• Problem description: All that is needed is an exact copy of the lines from the beginning of the data below through the line containing "Axon Structure And", minus the pictures.
───── Information provided ─────
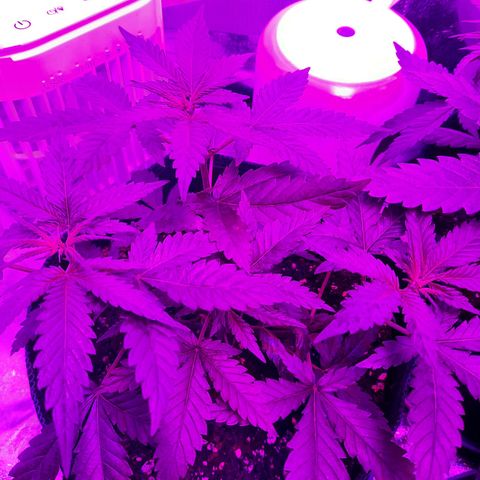 1 Royal Bluematic/ 1 Royal Haze growlog timeline photo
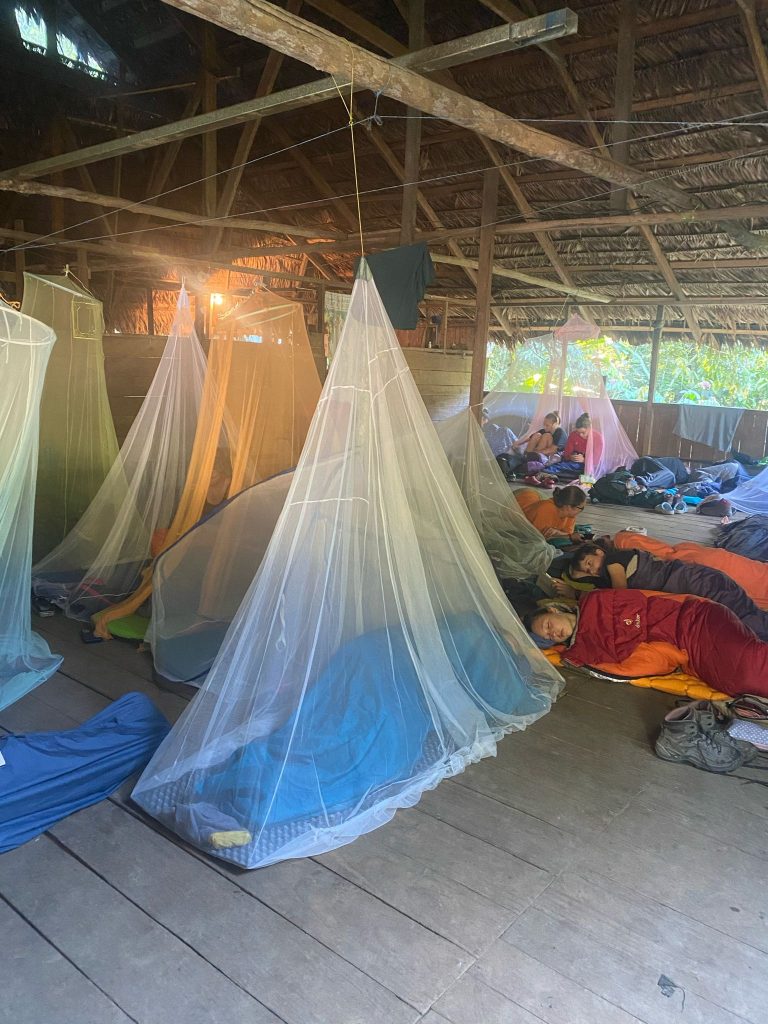 Schüler schlafen in Hängematten im Dschungel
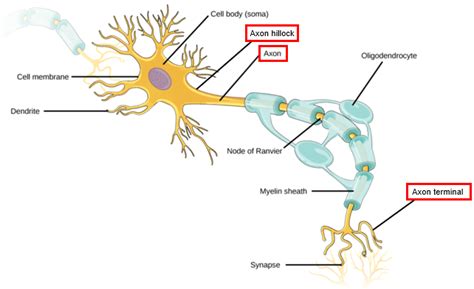 Axon Structure And Function Nerve Cell Mcat Content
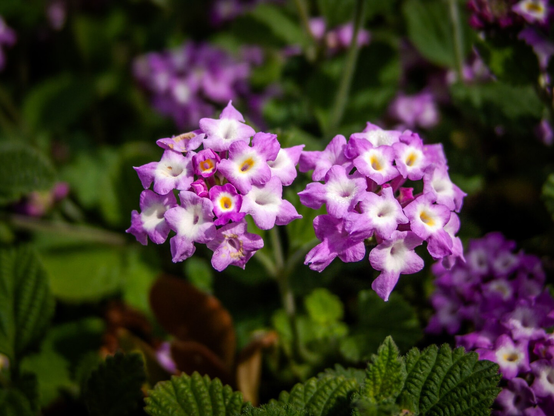 The image displays a cluster of delicate flowers with a central focus on two prominent bundles. Each flower features a five-petaled structure with soft pinkish-purple hues that gradually fade to white at the edges. The centers of the flowers are a vibrant yellow, adding a striking contrast. The flowers are set against a backdrop of lush green foliage, with textured leaves evident at the bottom of the image.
─────
• Result of the exercise:
 1 Royal Bluematic/ 1 Royal Haze growlog timeline photo
 Schüler schlafen in Hängematten im Dschungel
 Axon Structure And Function Nerve Cell Mcat Content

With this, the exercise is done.